As part of the campaign for the release this week of their seventh album Out Of A Dream, The Slow Readers Club headed to Headrow House in Leeds for two shows in conjunction with Crash Records playing the album in full plus four tracks from their substantial back catalogue repertoire.
Releasing an album is a relentless business for artists these days. The all-important week one chart position has driven them to a series of in- and out-store performances where good value gig tickets are accompanied by the purchase of a CD or vinyl to help the push to get as high as possible. It's necessary because streaming has distorted the charts to an extent that punishes artists that rely on people being willing to part with their hard-earned cash to support artists rather than those with a one-off monthly payment to a corporate monolith that pays artists peanuts while making billions themselves.
For the fan it's an opportunity to see a band in smaller spaces than they'd ordinarily play - just six months ago The Slow Readers Club filled the 1,000 plus capacity Project House across town, now we're in a 150 capacity room where you can see the whites of their eyes (assuming you're close enough to the stage not to be impaired by bobbing heads). The stage allows Aaron leverage to stand at the very edge and lean over the front rows too, creating a real sense of intimacy that the bigger rooms can't hope to match.

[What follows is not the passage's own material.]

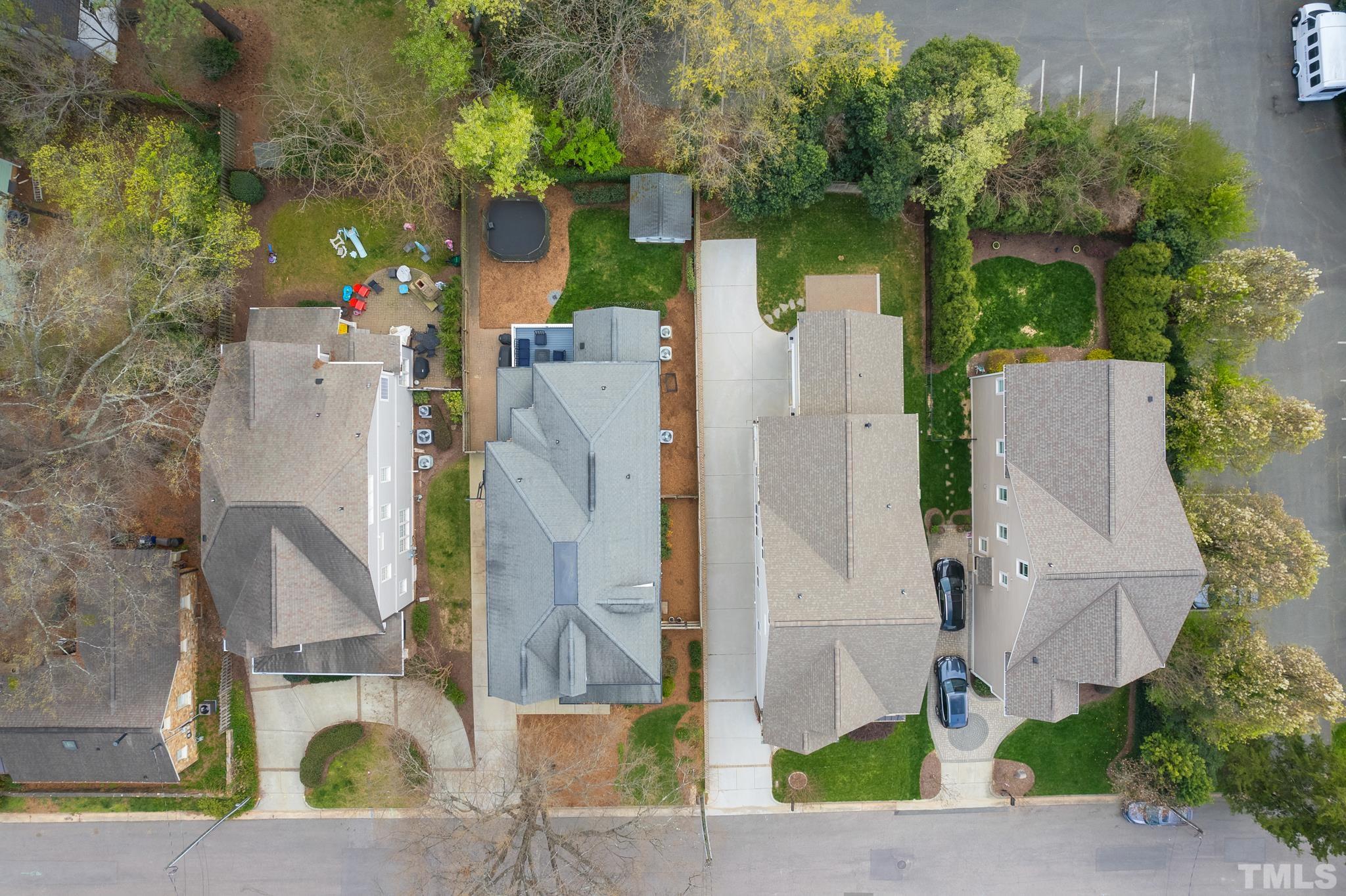 2615 Davis Street Raleigh, NC 27608 - Photo 5 of 55 an aerial view of a house with a yard and large tree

The set they play is the whole of Out Of A Dream, an album that with time and repeated listens, could usurp 2015's Cavalcade as the most-loved in their canon. Without a weak track it's a collection that stands up well to being played live in order, perfectly ordered like career-defining albums are - front-loaded with lead singles Technofear and Animals through more tender moments like Little White Lies, the euphoric danceable Boy So Blue, the immediate earworms of Dear Silence, Pirouette and Puppets, the dramatic Know This I Am and Loved You Then and the album's high point Our Song Is Sung that brings it, and the first part of the set, to an end.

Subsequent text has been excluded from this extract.